Thank you for this informative piece. To respond to Max A's comment, which is a common refrain, i.e., "You who criticize gang injunctions/youth curfews, what's your solution?," I offer a few points.
1. It is a myth that cops don't have enough tools. Has anyone looked at the California Penal Code recently? Or any of the federal laws that come to bear? How about immigration laws? CDCR guidlines? City of Oakland ordinances? OPD literally has thousands of tools at its disposal, to prosecute everything from loitering, littering, and jaywalking to RICO violations and first-degree murder. The problem is NOT the lack of tools. The problem is how the tools are used, who is using the tools, why particular tools are being used, and so forth.
2. We can't accept the logical fallacy that anyone who criticizes a particular policy proposal must immediately offer an alternative. If something doesn't work, it doesn't work. Period. If I tell you that gang injunctions don't reduce crime, and I cite to studies and such that support that proposition, I don't suddenly become responsible for solving the age-old question of how to reduce crime. The fact remains, there is no proof that gang injunctions work. There is no proof that youth curfews work. The criticism can stand there -- there is no need to go further.
3. That said, as an Oaklander, and a concerned citizen, I'm down for the next conversation. Let's talk about something that does work.
4. On the "need" for suppression. I would ask Max A. (or Larry Reid, or Ignacio de la Fuente, or Tammerlin Drummond, or Chip Johnson) to point to an example where suppression is a long-term solution. As far as I can tell, a focus on "suppression" -- read, "lock-em up" -- will lead to incarceration, which will lead to more prisoners, which will lead to more people subject to the oppressive horrors of prison, which will lead, a few years down the road, to more broken people being released to our community. Suppression = incarceration, no? And incarceration doesn't read to rehabilitation, right? So where does suppression get us? Ever heard of the "short-term fix"? And do you think a few too many short-term fixes is what got us here in the first place?
4. To reiterate Pamela's comment above, we've got some solutions.
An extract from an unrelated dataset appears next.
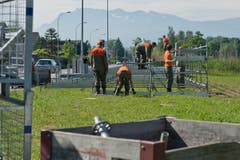 2500 Quadratmeter Boden wurden verlegt, ein halbes Dutzend Zelte auf 3300 Quadratmetern errichtet, 1500 Kleiderbügel in den Instrumentendepots der Musikanten verteilt. (Bild: Dominik Wunderli / Neue LZ)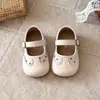 Zapatos de cuero de lunares estilo coreano para niñas, nuevo modelo primavera y otoño 2026, suela blanda, hebilla de una tira, zapatos planos retro versátiles para bebés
The problem is that THERE ARE NO EASY SOLUTIONS. This is something that takes time, that takes a 20 Point Plan, that requires all-hands on deck, community policing, after-school programs, mental health services, job training, health care, case management, some accountability mechanisms (but no, not more incarceration), some economic development, some housing support, and much, much more. Not quite as pithy as Reid/de la Fuente giving their two sentence answers (more cops! more tools!), but at some point we need honest answers. Oppression in the United States has been a 500 year process. It will take a few years to unwind all of that.